Serenata – Mormorante di tenere desio
Serenata – L’aere imbruna
Il mio canto
L’Arlesiana – Una mattina m’apriron nella stanza
Serenata in E minor
Romanza in A
Mefistofele – Giunto sul passo estremo
Expressions lyriques—Mélodies avec déclamation rythmée – V: La dernière lettre de Werther à Charlotte
Werther – Pourquoi me réveiller
Non t’amo più
L’alba separa dalla luce l’ombra
Sopra un’aria antica
L’Arlesiana – É la solita storia del pastore
Giuseppe Filianoti (tenor) & Iain Burnside (piano)
Reviewed by: Richard Nicholson
Reviewed: 11 March, 2014
Venue: Wigmore Hall, London
A thoroughly original idea was to devote a major part of the first half to songs by Cilea. These are no masterpieces but the interaction of, for example, the gritty piano accompaniment and the lyrical vocal line of the opening ‘Serenata’ suggests an almost Schubertian synthesis of musical resources. That an opera composer should identify that the Italian Art Song tradition had been bubbling away beneath the surface during the half-century while opera held sway and bring it back to life is much to Cilea’s credit.
How refreshing to hear the conventions of the nautical love-song retrieved with such charm in blending gentle lyricism with full-throated passion. But some items suffered from Filianoti’s tentative singing. In truth he was not in good voice. Some attempts to hold sustained notes degenerated into a perceptible wobble. As it happens we were offered two piano solos, both played by Iain Burnside with disciplined artistry.
If the tenor did less than absolute justice to the Cilea songs, he should take personal satisfaction for having discovered an original aria from L’Arlesiana to complement the well-known one, which Filianoti sang to round-off the evening. Such findings tend to disappoint, but not here. He seemed inspired by the words, which describe the hero throwing open the windows and filling his lungs with a scented breeze from the Rhone valley, which then intoxicatingly spreads through his whole body. The music enacts his elation and the voice maintains a high line.
I appreciate the initiative involved in preceding the familiar Ossian song from Werther with the rather experimental, part-sung, part-recited enactment of Werther’s final letter to Charlotte. It can dramatically turn the passage into a kind of scena but here remained rather an oddity.

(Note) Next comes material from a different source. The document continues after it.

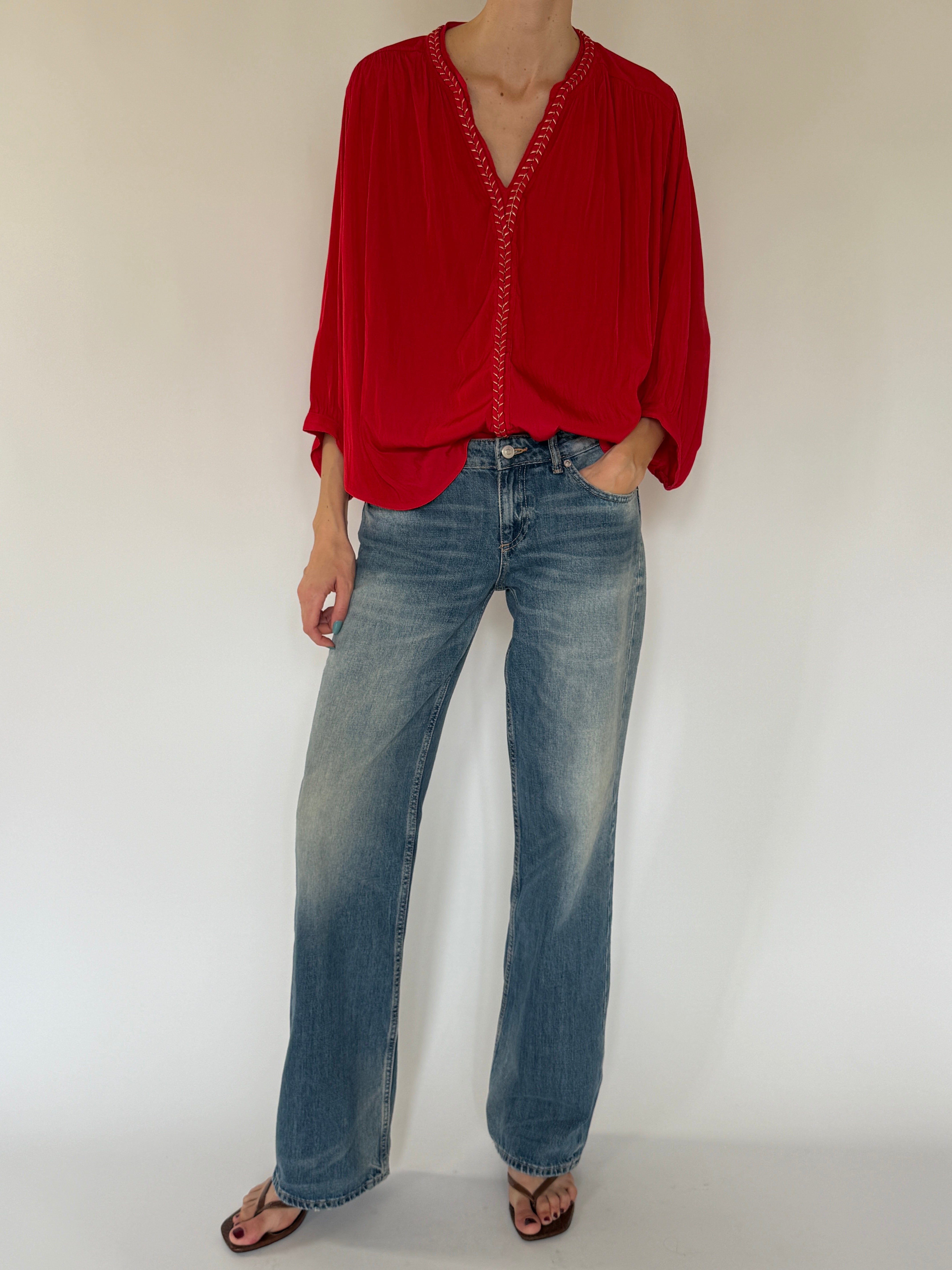 Vintage red braided trim blouse front view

Throughout the first half a slight harshness in Filianoti’s tone was too apparent. A career-threatening malignancy of the thyroid gland discovered in 2007 interrupted his vocal development for two years, from which he recovered through self-healing but the freshness and youthfulness of sound which had featured early in his career seem to have been compromised, and frustratingly he seemed reluctant to sing softly.

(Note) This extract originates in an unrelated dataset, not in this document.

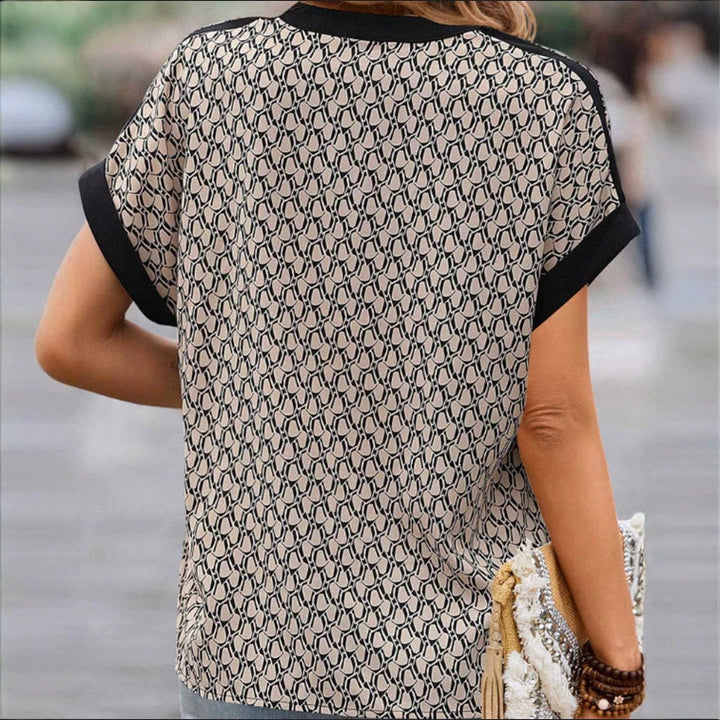Ladies' light casual blouse in crepe look with V-neck and contrast piping Mune Fashion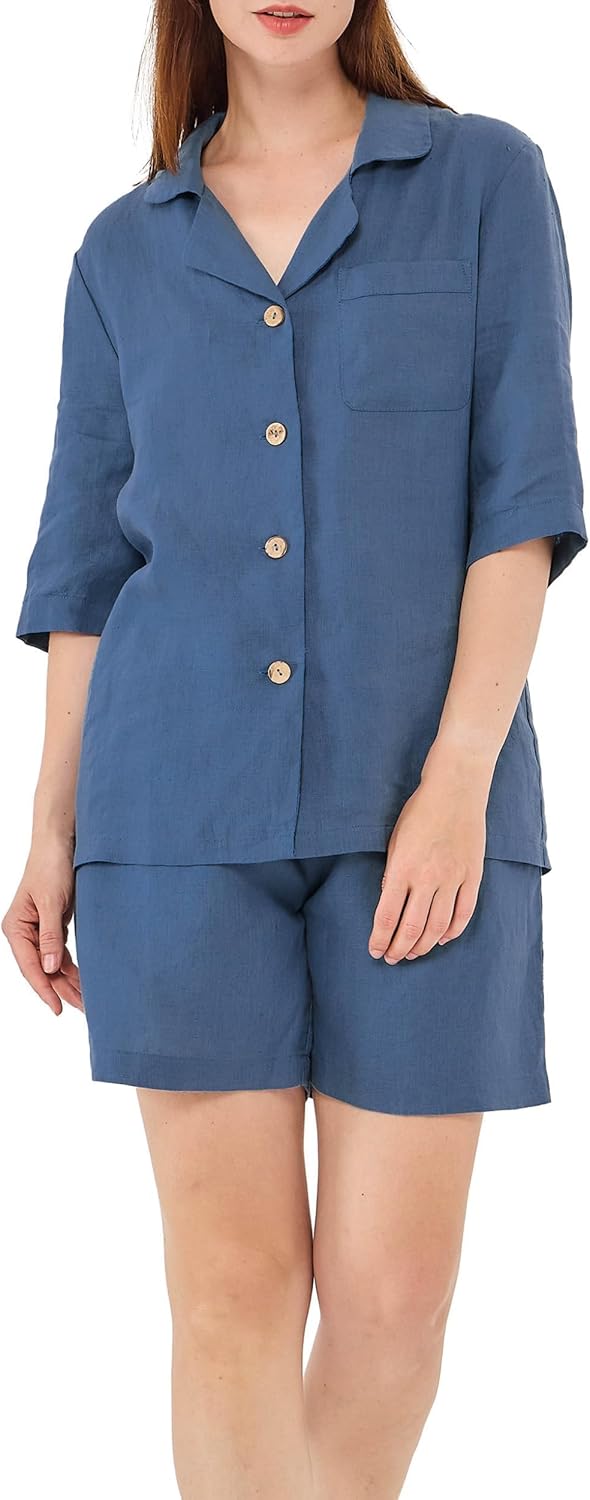 Simple&Opulence Women's 100% Linen Pajama Set Soft Shirt and Pants 2 Pieces Loungewear Slim Fit Soft and Breathable S-L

Fortunately, the rough edges were smoothed over in the Tosti group which began the second half. The sound was more akin to that of a youthful Alfredo or Duke of Mantua; proof of how Tosti’s music can pour balm onto a tenor’s voice! At last the brakes were released: there was plenty of voice available and even if some high notes were ducked there was plenty to stimulate the blood. The singer projected a degree of personality that had been absent before. Ultimately, though, this was no more than an average recital; unlike most in the Rosenblatt series.